The existence of these subspecies is due to the change in morphology linked to the different geographical areas where it developed and selected.
The background of the wings varies from brown to orange, and the spots are pale yellow, white, cream or fawn orange.
The average wingspan of males and females is 5.1 cm, although males tend to be slightly smaller than females. In addition, males have a row of grayish-brown scales on the front parts which is absent in females. Females have brighter and more distinct shades than males.
The caterpillar is green in color with a short, forked tail, and the chrysalis (pupa) is green or dark brown.
The subspecies P. a. the tircis is brown with pale yellow or cream spots and darker spots. The subspecies P. a. aegeria has a more orange background and the large lower back spots are reddish brown rather than black or dark gray. The two forms gradually intersect with each other.
The subspecies P. a. oblita is darker brown in color, often approaching black with white spots rather than cream. The lower part of the hind wings has a marginal pale purple band and a row of conspicuous white spots. The spots of the subspecies P. a. the insulae are fawn orange rather than cream. The lower part has pale orange spots and the lower part of the rear wings has a purple band. Although there is a significant variation with each subspecies, the identification of the different subspecies is possible.
The morphology of this butterfly gradually varies along its geographic range from north to south.
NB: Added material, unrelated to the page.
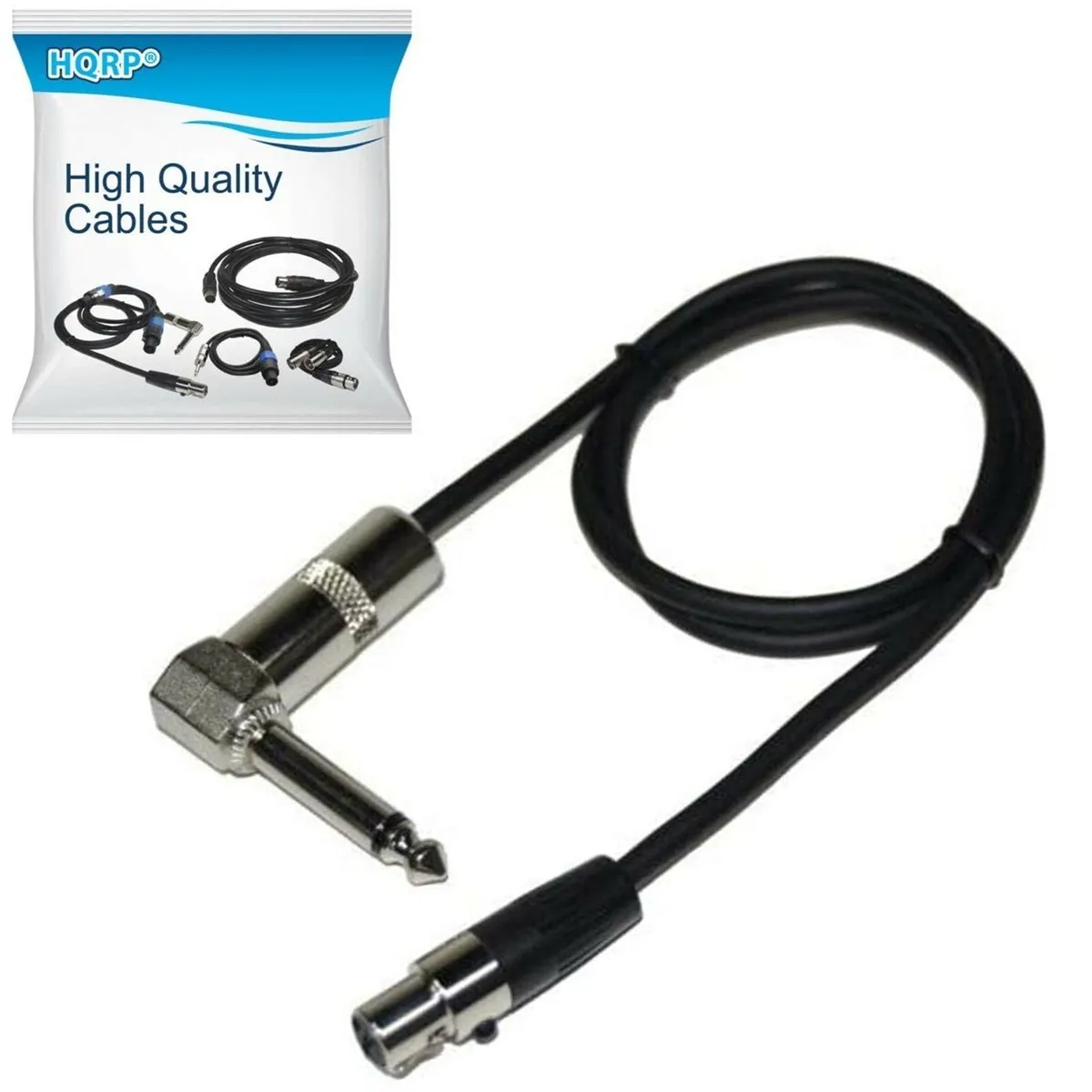 1/4" to TAF Adapter [Shure 1/4" Wireless Beltpack Adapter]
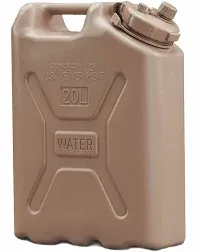 Scepter 05177 Water Container, 5 gal, Green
Aptitude and biological cycle –
In Pararge aegeria the fertility of the females depends on the body mass, since the females deprived of sucrose during their oviposition period have a reduced fertility. For this reason, heavier females will produce more eggs.
The number of eggs laid by a female may also be related to the time spent searching for an egg-laying site. The number of eggs laid is inversely proportional to the size of the eggs. Furthermore, it would seem that a female would produce more eggs in an optimal environment, so that she could produce more offspring and increase her reproductive capacity.
The life cycle begins during copulation in which the male deposits a spermatophore in the female consisting of spermatozoa and a secretion rich in proteins and lipids. The female uses the nutrients in the spermatophore in egg production. In a polygenic mating system, where competition between spermatozoa is present, it is useful for males to deposit a large spermatophore to fertilize as much eggs as possible and possibly prevent the female from mating again.
Since most of the females of the Pararge aegeria exhibit monandria there is a reduced competition of spermatozoa and the male spermatophore is much smaller than other species.
The eggs are laid on a variety of host plants. The species is able to overwinter in two totally separate stages of development, such as pupae or semi-mature larvae. This leads to a complicated model of numerous adult flights per year.

Ecological role –
Males of this species exhibit two types of companion localization behavior: territorial defense and patrolling. The proportion of males exhibiting these two strategies changes based on ecological conditions.
The speckled wood feeds on a variety of herbaceous species.
The caterpillar food plants include a variety of herbaceous species such as Agropyron (Lebanon), Brachypodium (Paleolithic), Brachypodium sylvaticum (British Isles), Bromus, (Malta), Cynodon dactylon, (Spain), Dactylis glomerata (British Isles, Europe) , Elymus repens, (Lebanon), Elytrigia repens (Spain), Holcus lanatus (British Isles), Hordeum (Malta), Melica nutans, (Finland), Melica uniflora (Europe), Oryzopsis miliacea (Spain), Poa annua (Lebanon) , Poa nemoralis (Czechoslovakia), Poa trivialis (Czechoslovakia), but the preferred species of grass is the sofa grass (Elytrigia repens).
Adult butterflies feed instead of nectar.

Guido Bissanti

Sources
– Wikipedia, the free encyclopedia.
– Russo G., 1976. Agricultural entomology. Special Part. Liguori Editore, Naples.
– Tremblay E., 1997. Applied entomology. Liguori Editore, Naples.